### WHAT YOU HAVE TO DO
Copy out exactly, and only, the lines from the one containing "3 Drawer Cabinet, Black, 23.6-Inch" through the end of the entries. No pictures.

Scraped caption text data

= Beginning of Section =

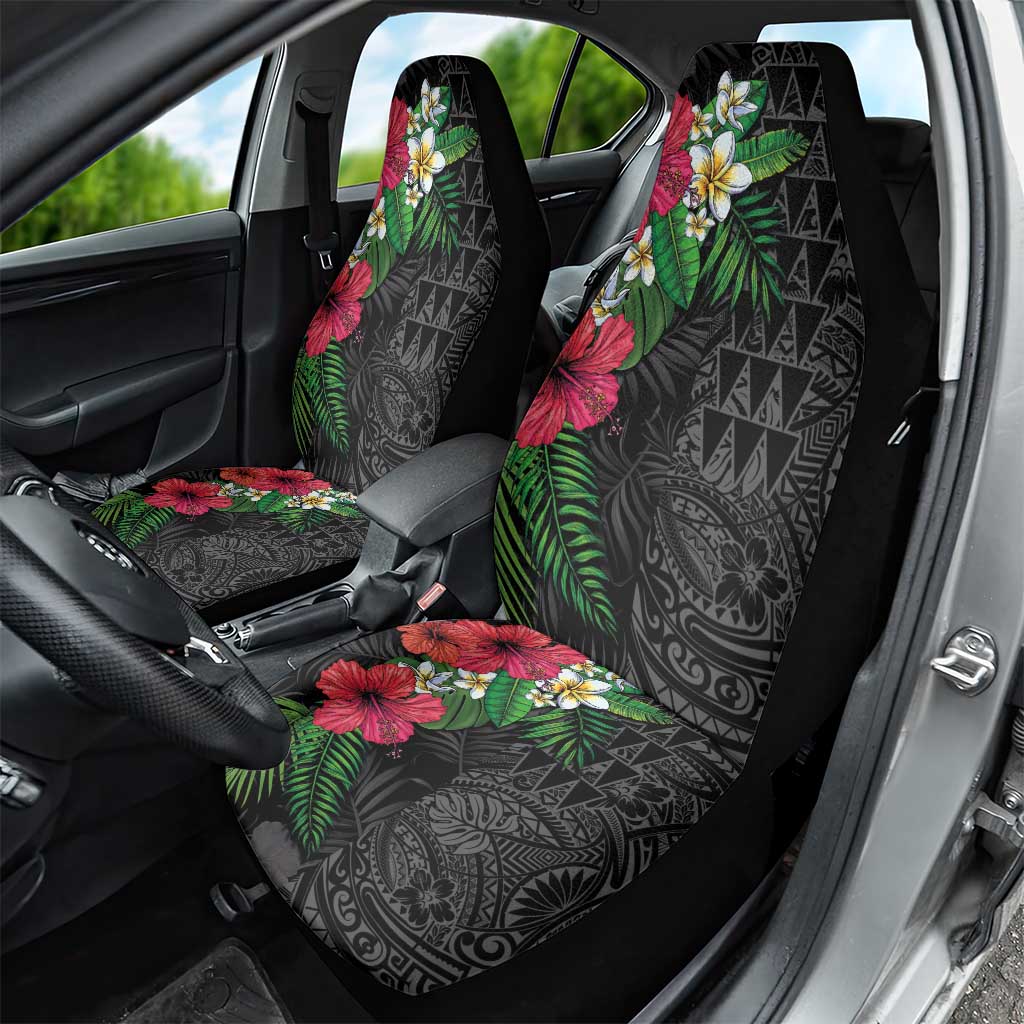 Hawaiian Tropical Plants Car Seat Cover Kakau Tattoo and Polynesian Pattern Half Black Color LT03 - Polynesian Pride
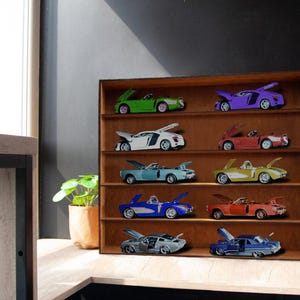 Wooden display case, Collectible display case, Display case for miniatures, Wood display box, Display cabinet wood, Shadowbox display case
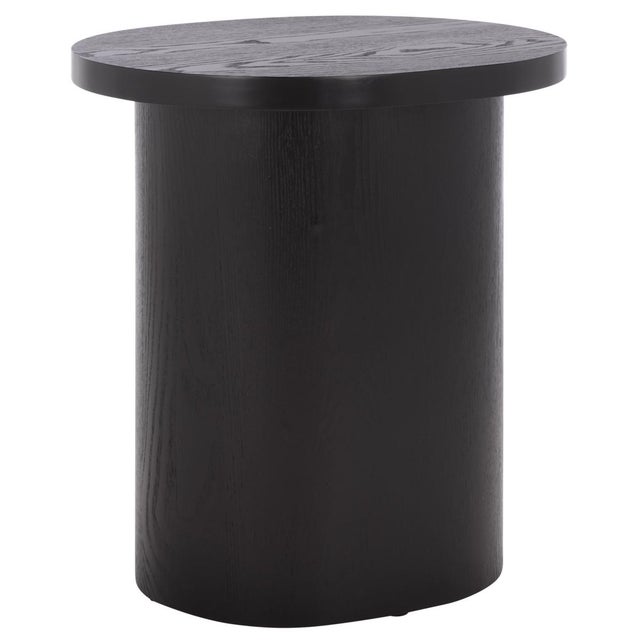 Wood Ekon Round End Table in Black For Sale - Image 7 of 9
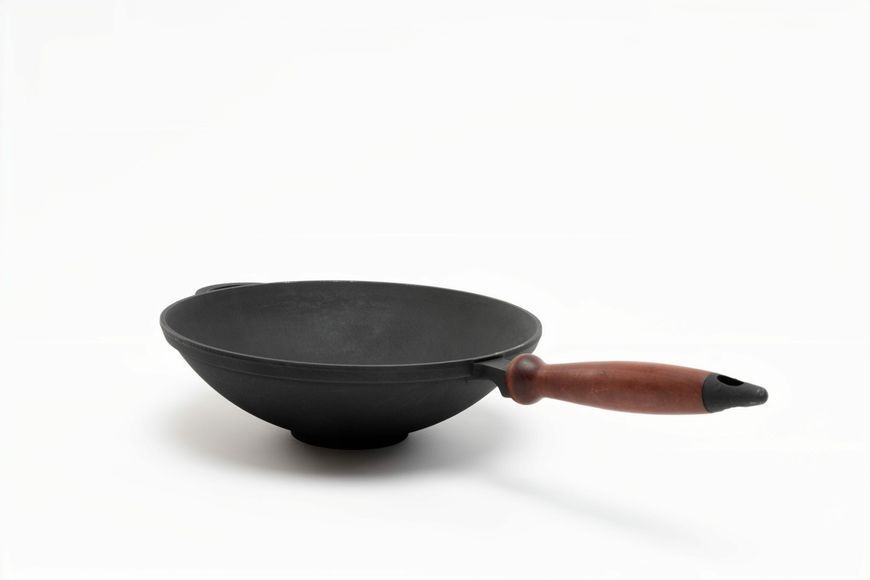 Сковорода чавунна WOK 260х80 мм з дерев'яною ручкою ТМ СІТОН 2680W-H фото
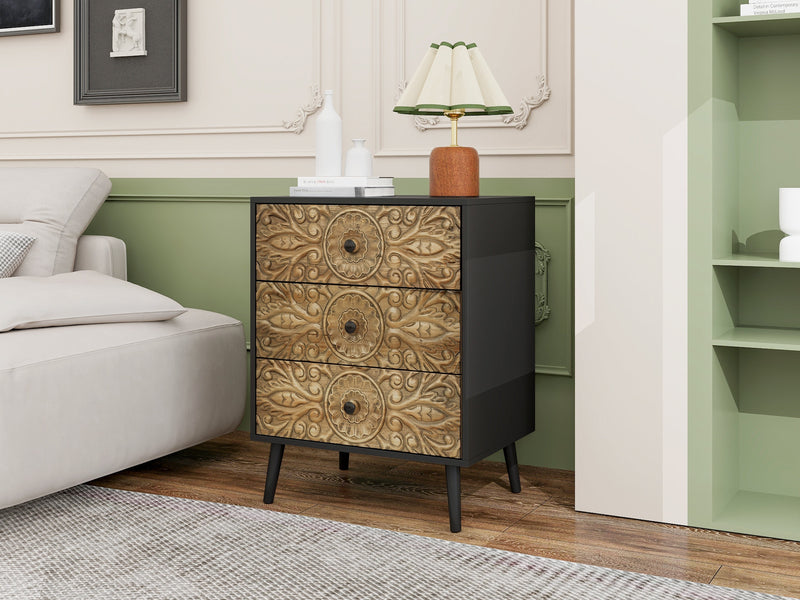 3 Drawer Cabinet, Black, 23.6-Inch Wide, Particle Board and MDF, photo 4 of 10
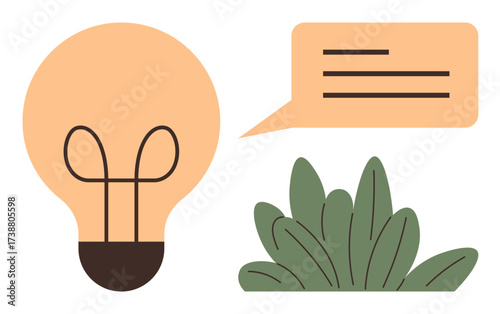 Light bulb for creativity, speech bubble with text lines for communication, and green plant symbolizing growth. Ideal for innovation, brainstorming, ecology, collaboration, solutions, dialogue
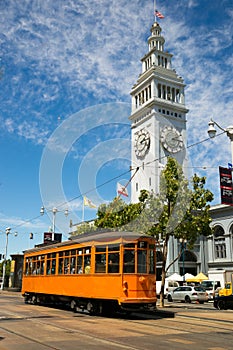 Orange Trolley Car The Embarcadero Downtown San Francisco California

= End of Section =

### RESULT OF THE EXERCISE
 3 Drawer Cabinet, Black, 23.6-Inch Wide, Particle Board and MDF, photo 4 of 10
 Light bulb for creativity, speech bubble with text lines for communication, and green plant symbolizing growth. Ideal for innovation, brainstorming, ecology, collaboration, solutions, dialogue
 Orange Trolley Car The Embarcadero Downtown San Francisco California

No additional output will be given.